Such claims are ridiculous, says Pence, who points to the sheer number of other, less conservative media outlets — cable news channels, newspapers, daily and weekly magazines — that represent a larger flow of American political commentary. While he doesn't explicitly deny the claim that conservatives control talk radio, he argues that liberals are trying to "gain purchase of a market share that they couldn't gain in open competition." Pence and co-sponsor Greg Walden — an Oregon Republican and himself a radio station owner — insist the issue is less about having a balance of viewpoints and more about making sure that the ability to express one's viewpoint on the radio is assured. "The practical effect of this is not that the station that carries Rush Limbaugh would have to carry Al Franken," he says. "But rather, faced with the administrative costs and legal fees associated with conforming to the Fairness Doctrine, that station would carry neither."

As Pence sees it, rather than having to worry about keeping detailed records of how long radio hosts are on, what positions they are taking, and whether those with opposing views are given the same amount of time, radio station owners would just throw in the towel. "You'll simply see them follow the path of least resistance. They'll run country radio or Christian music or go to a type of talk radio that would be neither compelling nor particularly informative. The net effect of bringing back the Fairness Doctrine would be the end of talk radio as we know it."

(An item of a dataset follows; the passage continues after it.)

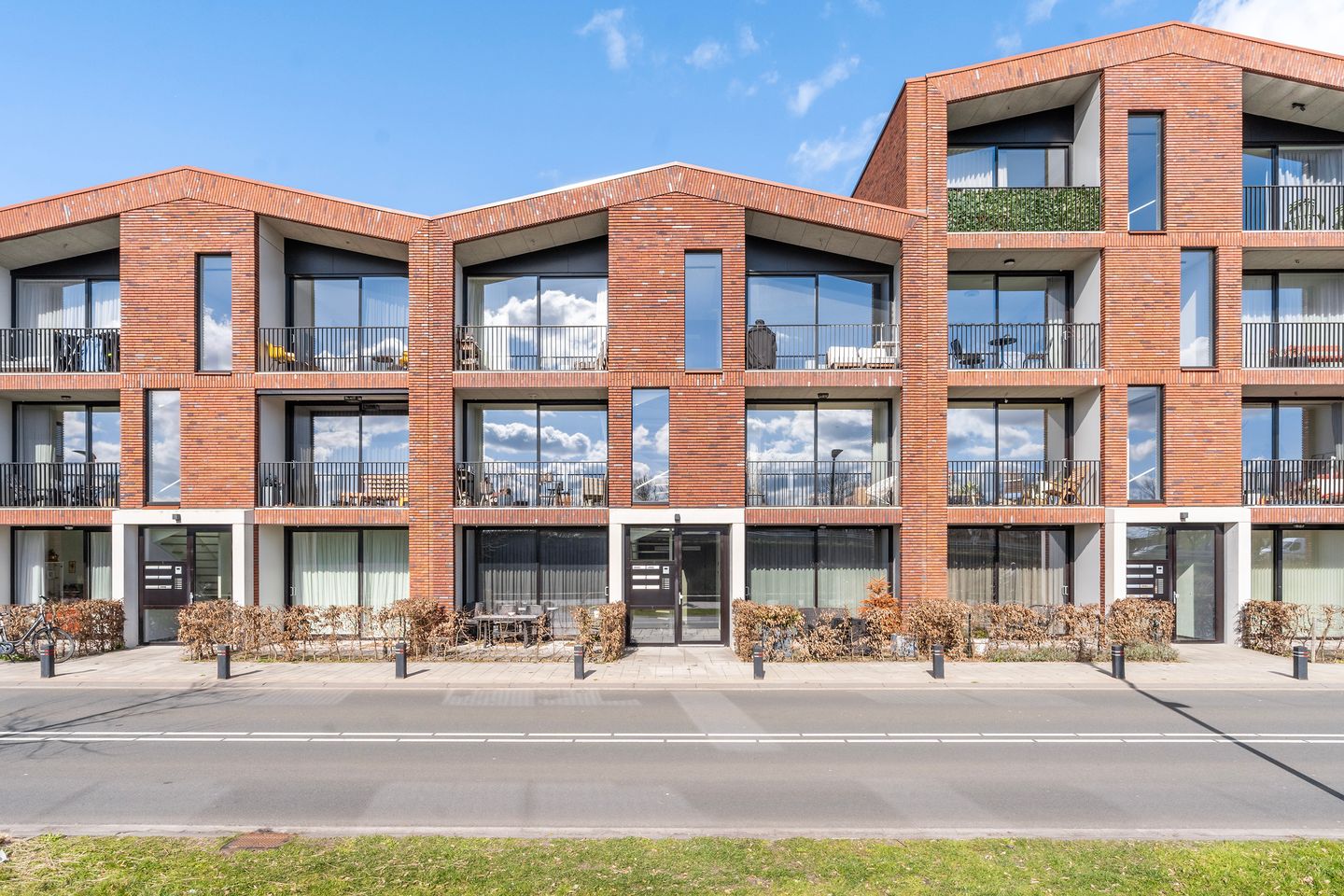 Foto 1 van van Schouwenburgstraat 3-102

That may seem hard to believe, considering the amount of listeners and ad dollars at stake. But Dennis Wharton, spokesman for the National Association of Broadcasters, says that — administrative and legal issues aside — the Fairness Doctrine did have a negative effect on talk radio. "It actually inhibited free speech because broadcasters simply avoided covering controversial issues because they feared that the FCC might either fine them or revoke their licenses," he says. "It actually had the practical impact of chilling speech rather than enhancing it."